O Brasil mudou nesse ponto. Mas ao contrário do que pensam os indignados da internet, mudou para melhor. Se até pouco tempo alguns empregadores costumavam contratar, por menos de um salário mínimo, pessoas sem alternativa de trabalho e sem consciência de seus direitos, hoje não é tão fácil encontrar quem aceite trabalhar nessas condições. Vale mais tentar a vida a partir da Bolsa-Família, que apesar de modesta, reduziu de 12% para 4,8% a faixa de população em estado de pobreza extrema. Será que o leitor paulistano tem ideia de quanto é preciso ser pobre, para sair dessa faixa por uma diferença de R$ 200? Quando o Estado começa a garantir alguns direitos mínimos à população, esta se politiza e passa a exigir que eles sejam cumpridos. Um amigo chamou esse efeito de "acumulação primitiva de democracia".

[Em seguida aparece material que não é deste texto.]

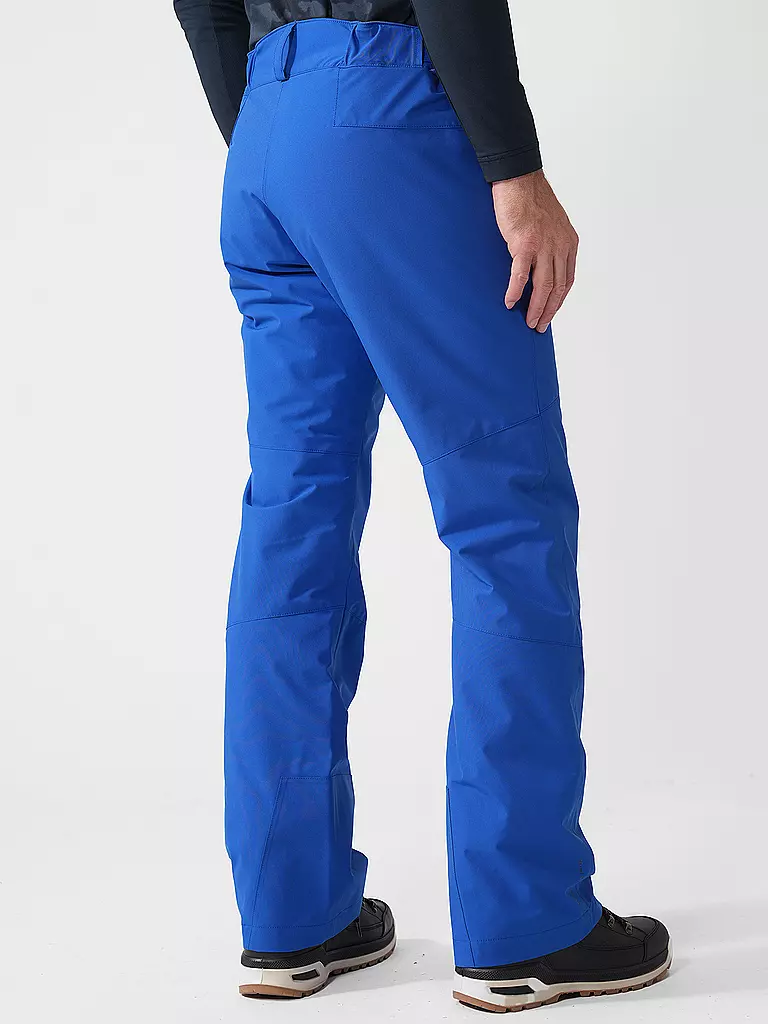 J.LINDEBERG | Herren Skihose Clare | Azul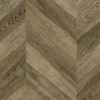 Airstep Masterpieces Laminate Classic Chevron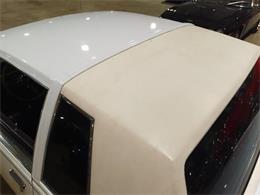 1986 Oldsmobile Cutlass Supreme Brougham (CC-2072826) for sale in Puslinch, Ontario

Mas parece que o voto dessa gente ainda desperta o argumento de que os brasileiros, como na inesquecível observação de Pelé, não estão preparados para votar. Nem todos, é claro. Depois do segundo turno de 2006, o sociólogo Hélio Jaguaribe escreveu que os 60% de brasileiros que votaram em Lula teriam levado em conta apenas seus próprios interesses, enquanto os outros 40% de supostos eleitores instruídos pensavam nos interesses do País. Jaguaribe só não explicou como foi possível que o Brasil, dirigido pela elite instruída que se preocupava com os interesses de todos, tenha chegado ao terceiro milênio contando com 60% de sua população tão inculta a ponto de seu voto ser desqualificado como pouco republicano.

Agora que os mais pobres conseguiram levantar a cabeça acima da linha da mendicância e da dependência das relações de favor que sempre caracterizaram as políticas locais pelo interior do País, dizem que votar em causa própria não vale. Quando, pela primeira vez, os sem-cidadania conquistaram direitos mínimos que desejam preservar pela via democrática, parte dos cidadãos que se consideram classe A vem a público desqualificar a seriedade de seus votos.